> ASSIGNED TASK
Could you restate word for word only the lines below from the one holding "3-methyl-4-nit" to the one holding "3000 Watt Inverter", inclusive, and leave out the pictures?

> RAW DATA
__________

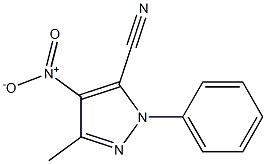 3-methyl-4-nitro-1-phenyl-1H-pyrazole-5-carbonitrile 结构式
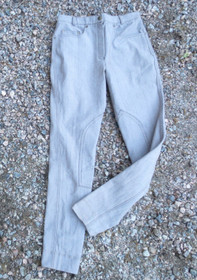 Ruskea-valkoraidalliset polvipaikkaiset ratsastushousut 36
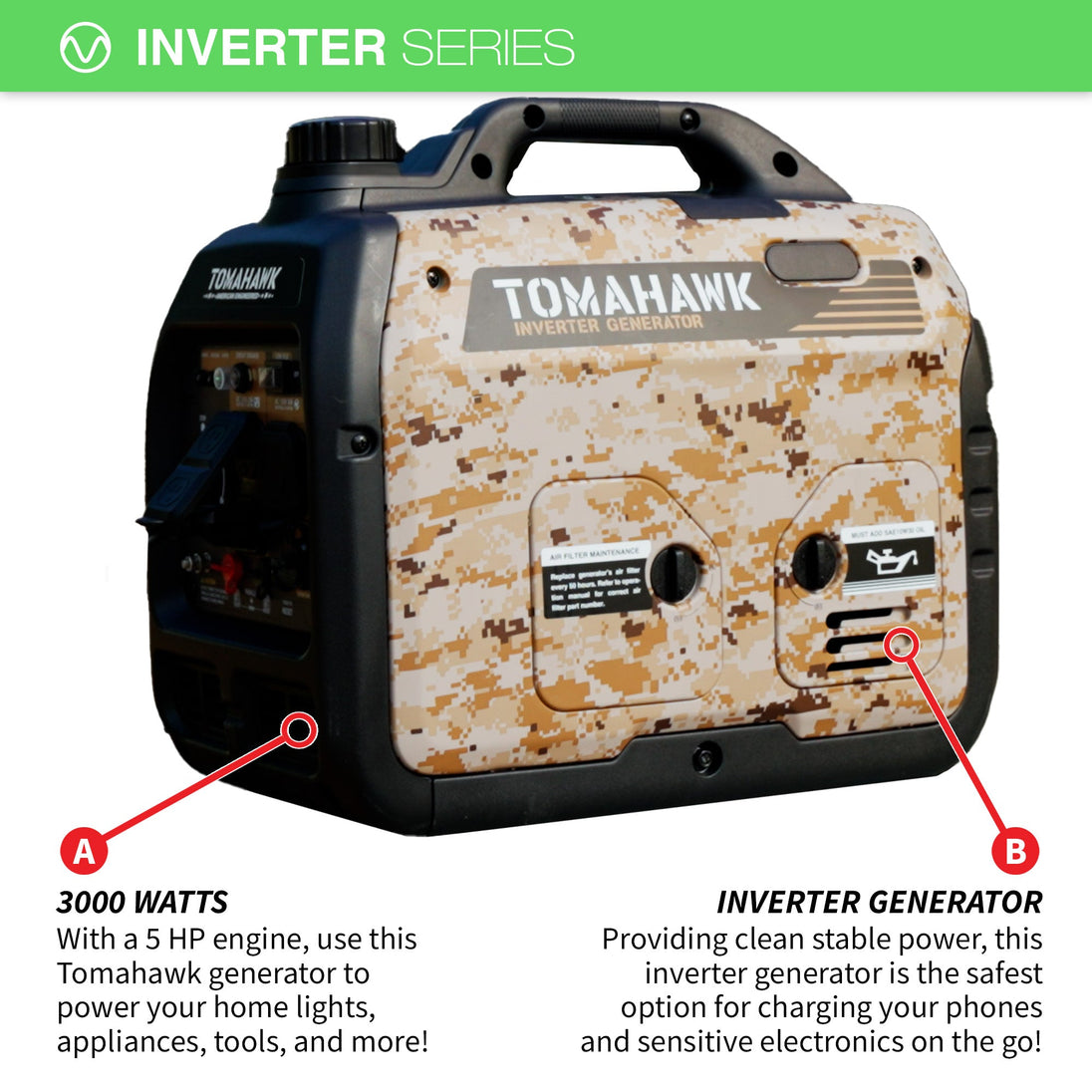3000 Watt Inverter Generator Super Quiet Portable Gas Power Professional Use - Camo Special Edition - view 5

__________

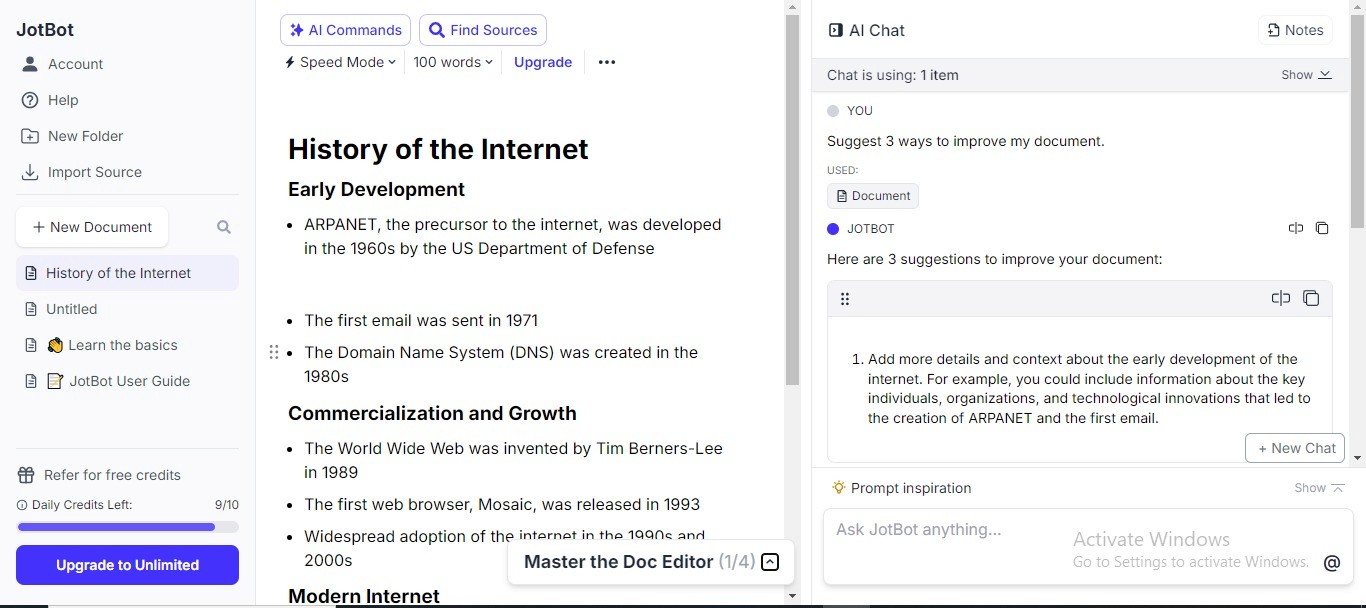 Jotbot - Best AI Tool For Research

__________

> RESPONSE
 3-methyl-4-nitro-1-phenyl-1H-pyrazole-5-carbonitrile 结构式
 Ruskea-valkoraidalliset polvipaikkaiset ratsastushousut 36
3000 Watt Inverter Generator Super Quiet Portable Gas Power Professional Use - Camo Special Edition - view 5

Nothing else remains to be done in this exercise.